**Exercise aim**. Would you reproduce each line below exactly, leaving every picture out?

** Source data follows **

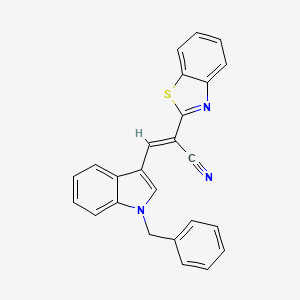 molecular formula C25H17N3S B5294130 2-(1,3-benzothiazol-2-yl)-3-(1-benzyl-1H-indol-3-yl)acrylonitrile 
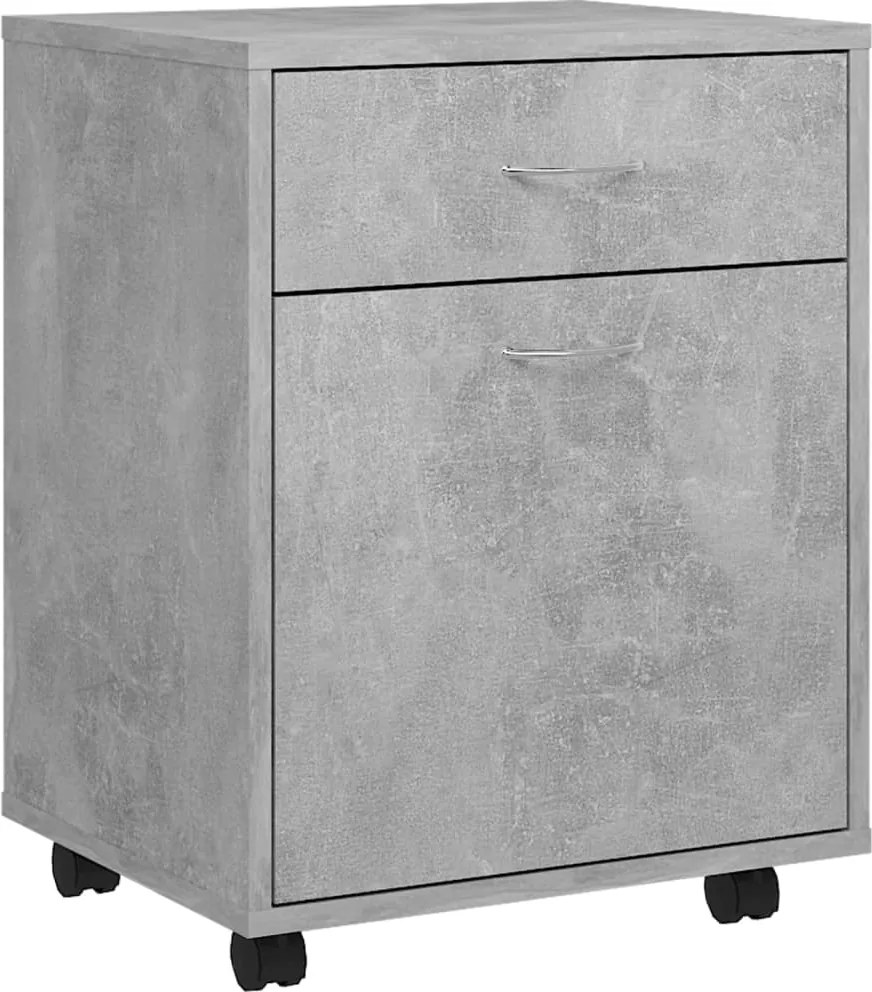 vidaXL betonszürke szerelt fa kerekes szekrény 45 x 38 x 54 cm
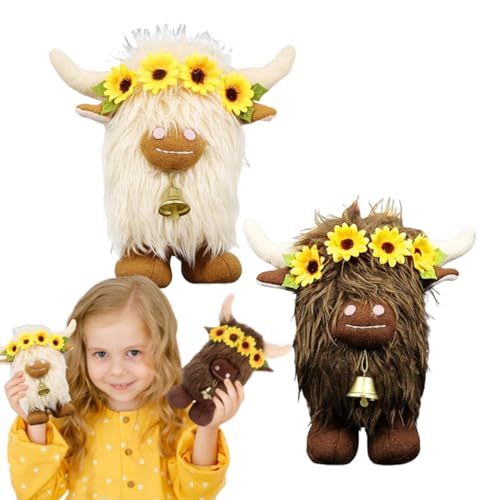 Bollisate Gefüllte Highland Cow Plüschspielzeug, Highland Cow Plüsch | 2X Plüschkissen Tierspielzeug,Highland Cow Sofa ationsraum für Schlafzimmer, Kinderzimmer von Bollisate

** End of Source data **

**Reply to the exercise**.
 molecular formula C25H17N3S B5294130 2-(1,3-benzothiazol-2-yl)-3-(1-benzyl-1H-indol-3-yl)acrylonitrile 
 vidaXL betonszürke szerelt fa kerekes szekrény 45 x 38 x 54 cm
 Bollisate Gefüllte Highland Cow Plüschspielzeug, Highland Cow Plüsch | 2X Plüschkissen Tierspielzeug,Highland Cow Sofa ationsraum für Schlafzimmer, Kinderzimmer von Bollisate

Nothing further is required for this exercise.